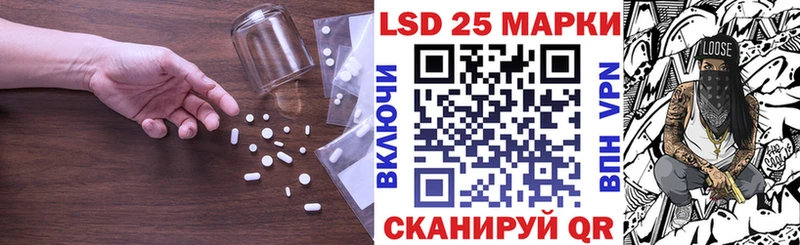 Купить  Луховицы  LSD-25 экстази кислота 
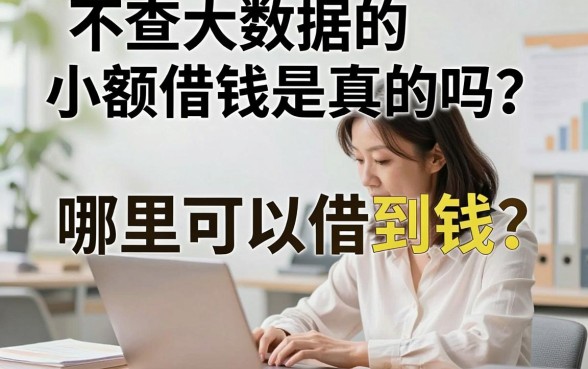 不查大数据的小额借钱是真的吗？哪里可以借到钱？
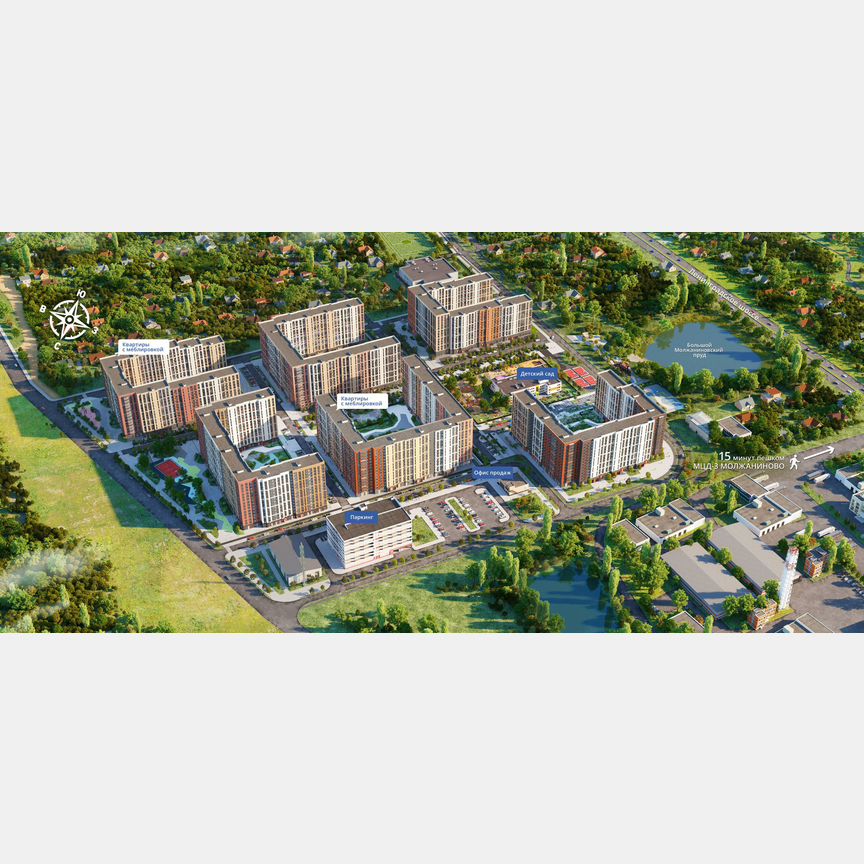 2-к. квартира, 59,4 м², 4/15 эт.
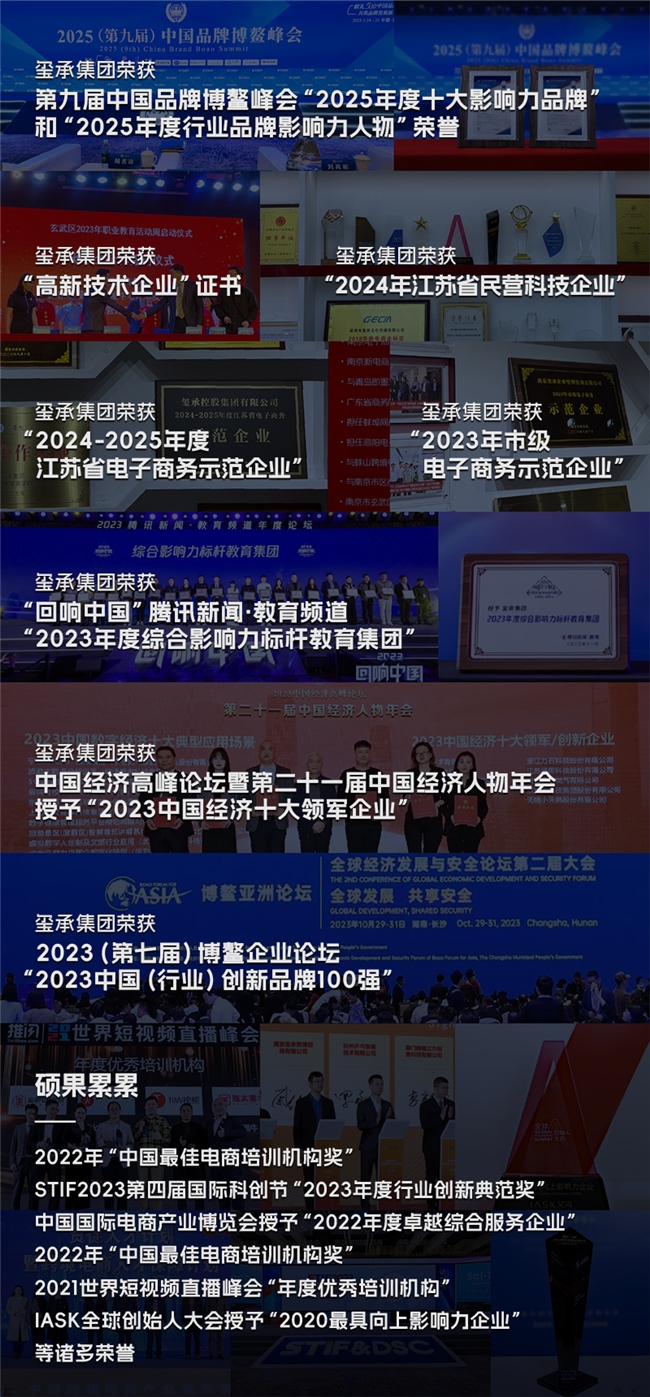 实力见证！玺承集团荣获“中国电商咨询培训第一品牌”和“中国电商生态服务领军品牌”双项权威认证!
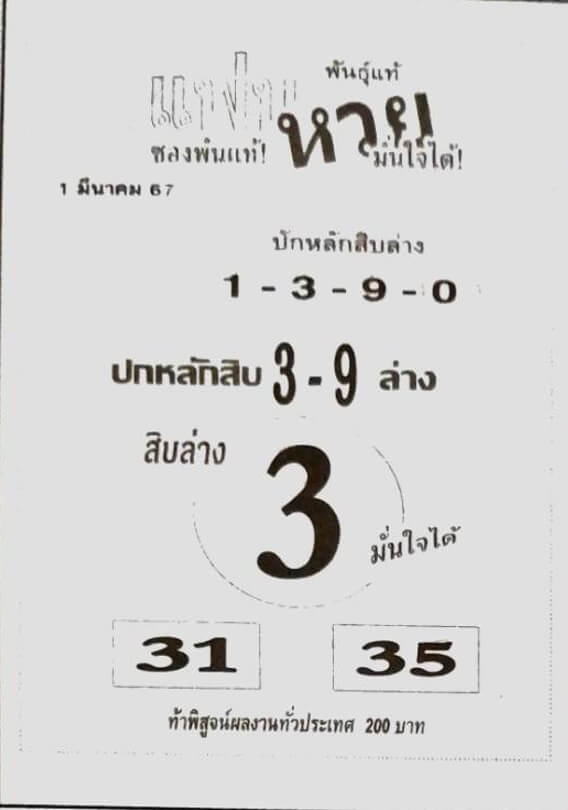 หวยแฟนหวย 1-3-67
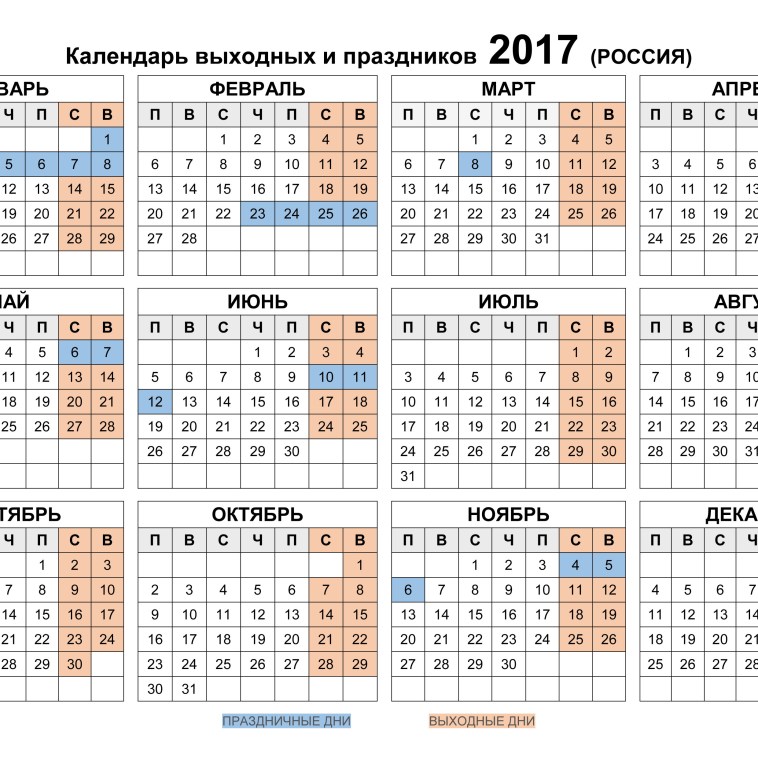 Праздники календарь 2017 год Kalendar 2017 - Calendar 2017.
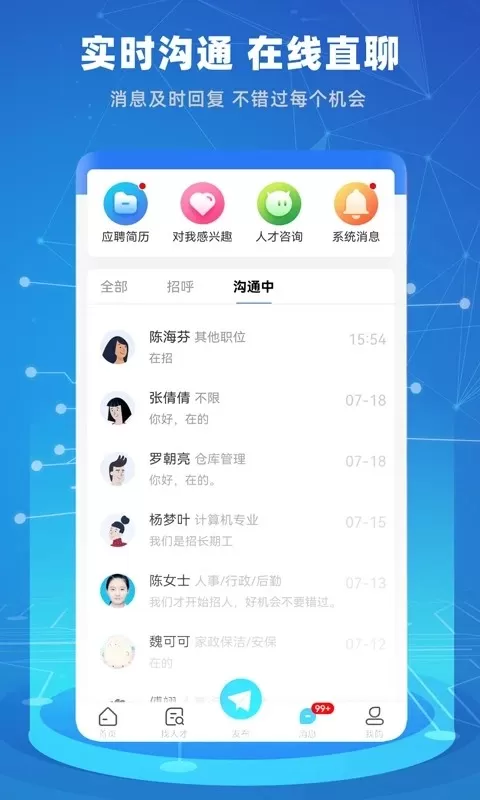 贵才招聘官网版app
********
TASK DESCRIPTION: Output the listing above exactly, pictures omitted.

RESULT OF THIS TASK:
 Купить  Луховицы  LSD-25 экстази кислота 
 不查大数据的小额借钱是真的吗？哪里可以借到钱？
 2-к. квартира, 59,4 м², 4/15 эт.
 实力见证！玺承集团荣获“中国电商咨询培训第一品牌”和“中国电商生态服务领军品牌”双项权威认证!
 หวยแฟนหวย 1-3-67
 Праздники календарь 2017 год Kalendar 2017 - Calendar 2017.
 贵才招聘官网版app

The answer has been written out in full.